What does the term climate finance mean?
Climate finance refers to money raised, through various sources, public or private, to address climate change in various aspects; to support adaptation or mitigation, or to support capacity building for the people impacted.
The money raised could also go to support innovations and technological development as a way of building resilience to the growing impacts of climate change.
Climate finance is a central pillar of international negotiations spearheaded by the UN through its Framework Convention on Climate Change. The other pillars are adaptation, mitigation, technology transfer and capacity building.
Why has climate finance become so emotive?
Financing climate change action remains the most emotive feature in the international climate negotiations process. While all agree that trillions of dollars are required to address climate change, little has been raised to match the urgency of the crisis.
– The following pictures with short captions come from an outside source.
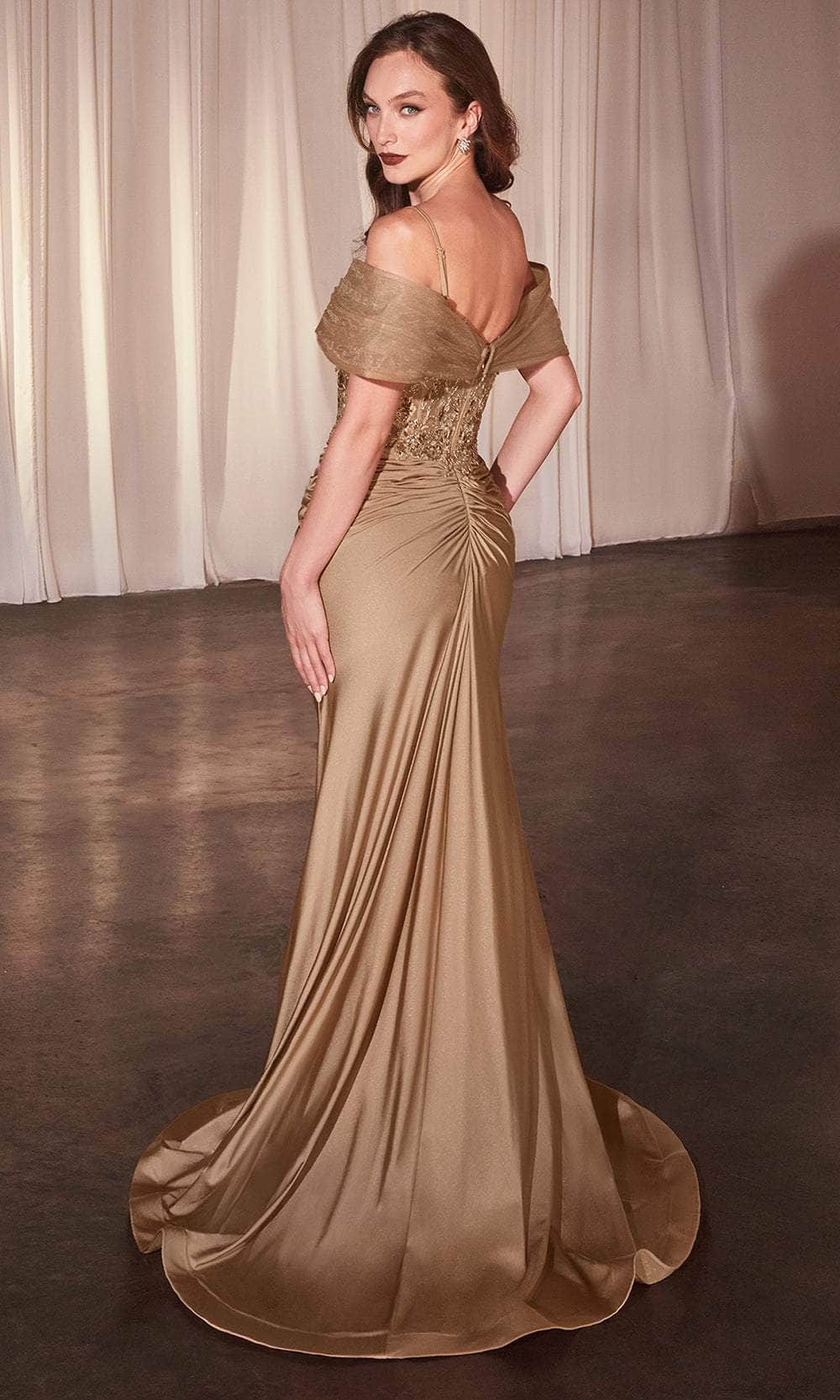 la divine prom dress Applique Off Shoulder A-line Gown by Ladivine CD799 Classic mermaid La Divine by Cinderella CM369
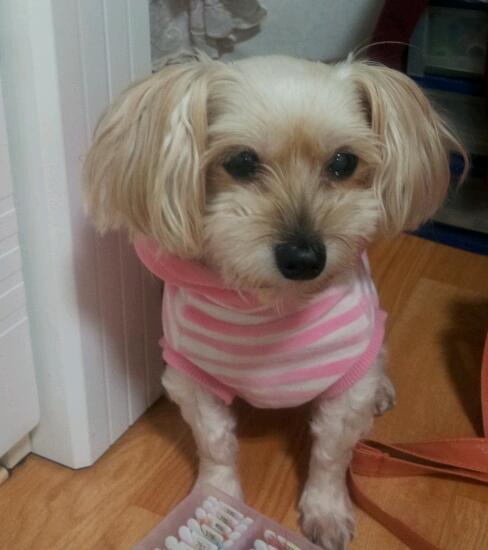 인천 서구 석남동에서 말티즈 믹스견 찾아요~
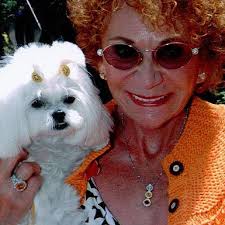 Thief yanks San Jose widow's 6-pound Maltese mix from her SUV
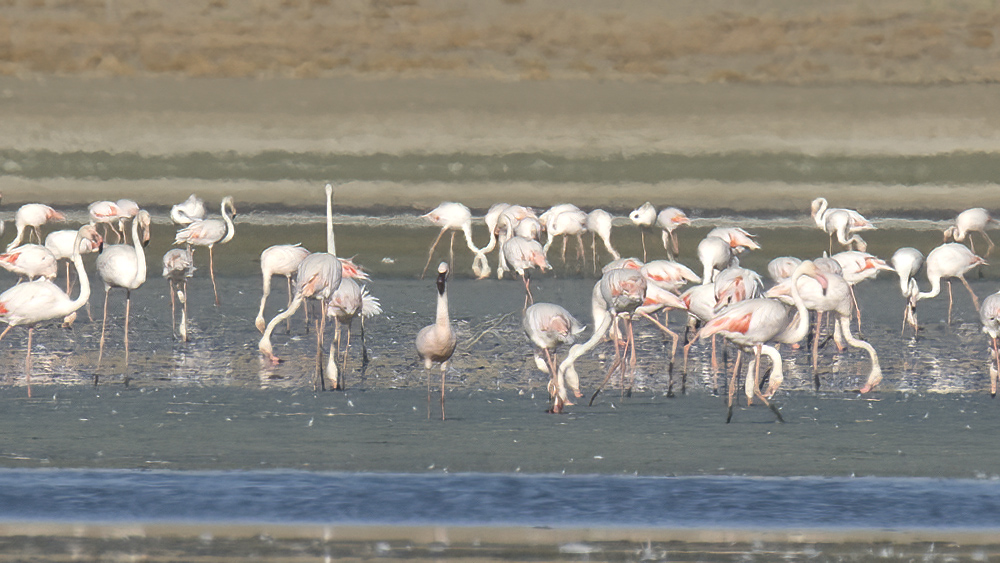 Lesser Flamingo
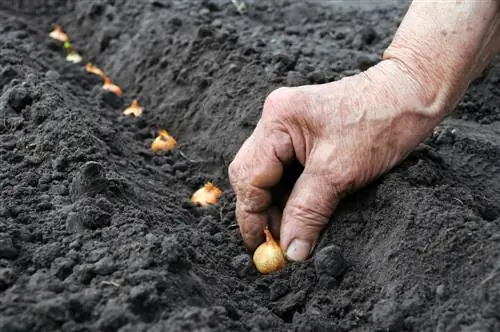 Пияз отырғызу: оларды бақшада өсіру өте оңай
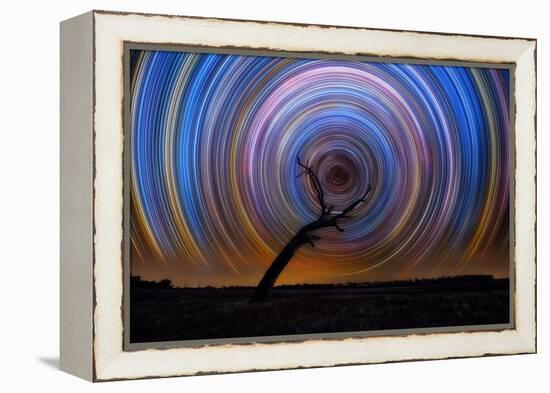 mt-ida-10-Lincoln Harrison-Framed Stretched Canvas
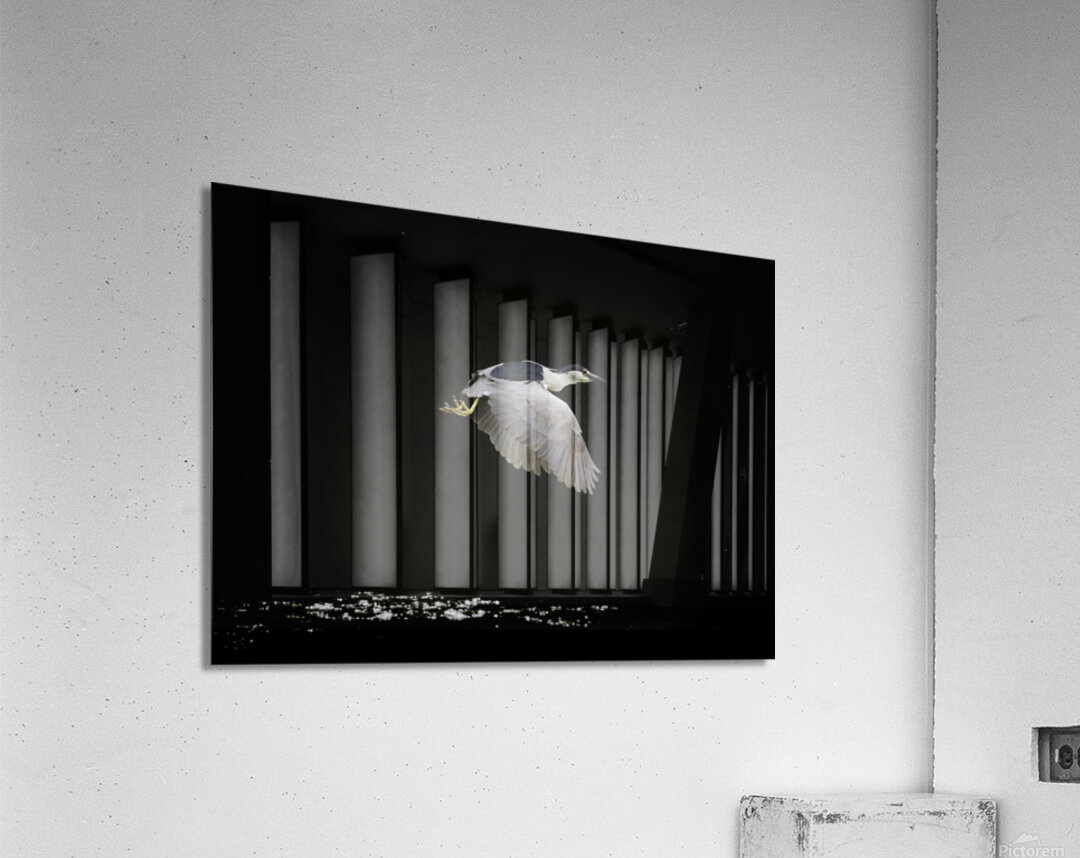 Black Crown Night Heron In Flight Impression acrylique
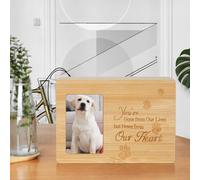 Urna per animali Urne di cenere per cani commemorano il ricordo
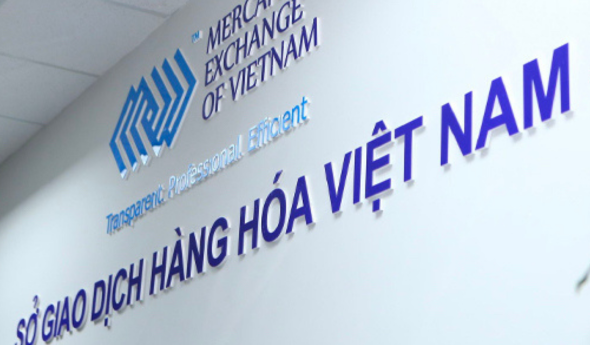 Sở giao dịch hàng hóa Việt Nam MXV là gì? những điều cần phải biết 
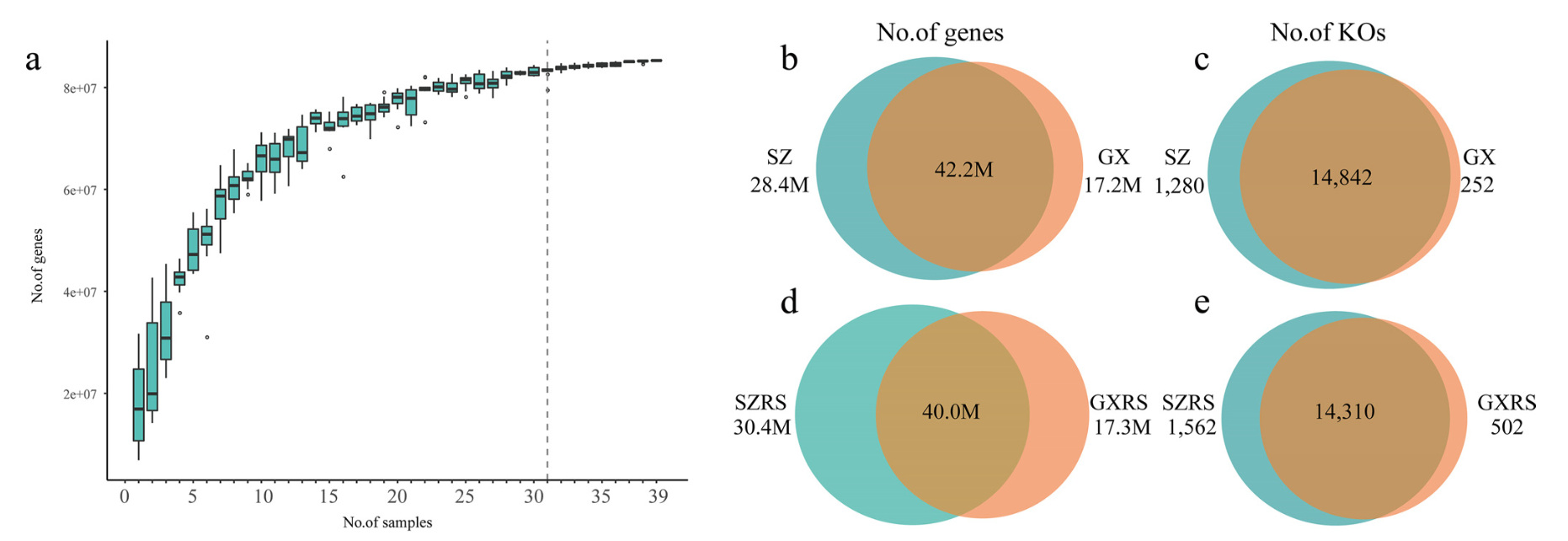 Deciphering the Microbial Taxonomy and Functionality of Mangrove Ecosystems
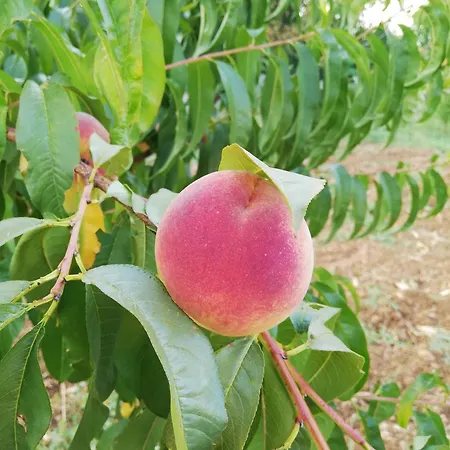 Mara * Stolac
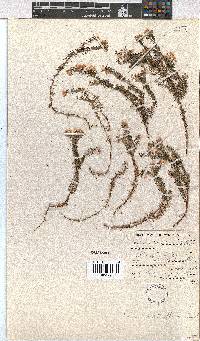 Erica cristiflora image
As climate change takes centre-stage in global diplomatic, political and economic interactions, it is becoming exceedingly clear that those who bear the highest responsibility to address it – the rich countries responsible for climate crisis – have incrementally transferred the burden of climate action to the victims of their actions.
Many climate finance Instruments have been established to address demands from various constituencies in the negotiations process. The latest, the Green Climate Fund, was established during the 16th session of the UNFCCC in Cancun, Mexico, after pressure from developing countries and civil society.
They wanted a dedicated mechanism to finance climate change, away from the World Bank and Bretton Woods institutions, which are not only bureaucratic, but also controlled by a few powerful states and transnational corporations. One key feature of the Green Climate Fund is the democratic practice in decision-making, where there is a balance between the north and south.
The Fund has so far received around $10bn from contributing countries, but this is way below what is required. Instead of putting money into the Fund, as was expected when it was being designed, the developed countries have largely ignored it and opted to channel their money through the systems they can control.
Ultimately, the Green Climate Fund may follow the direction of others which came before, which became major breakthrough ideas only to fall by the wayside.
In a nutshell, then, it is apparent that Africa has not adequately benefitted from all these Funds despite what the donor partners have claimed. Huge boulders have been erected on the continent’s effort to access these Funds, manifested by bureaucracies and strict access requirements.
Is there justice in climate finance?
Certainly not. The above background leads us to ask hard questions about where the responsibility lies to address climate change. It is injustice of the highest order that the rich countries who caused the climate crisis have decided to transfer the burden of action to the people who are suffering the consequences of their actions.
Is Africa getting a fair share of the global climate finance pool?
Definitely not and this is tragic – for the continent that faces the wrath of climate change impacts, and the region cited by the Intergovernmental Panel on Climate Change as the most vulnerable, it should be automatic that it receives the largest share of these Funds. But, this is yet to happen as international dialogue on climate action remains a divisive issue in the global geopolitical landscape.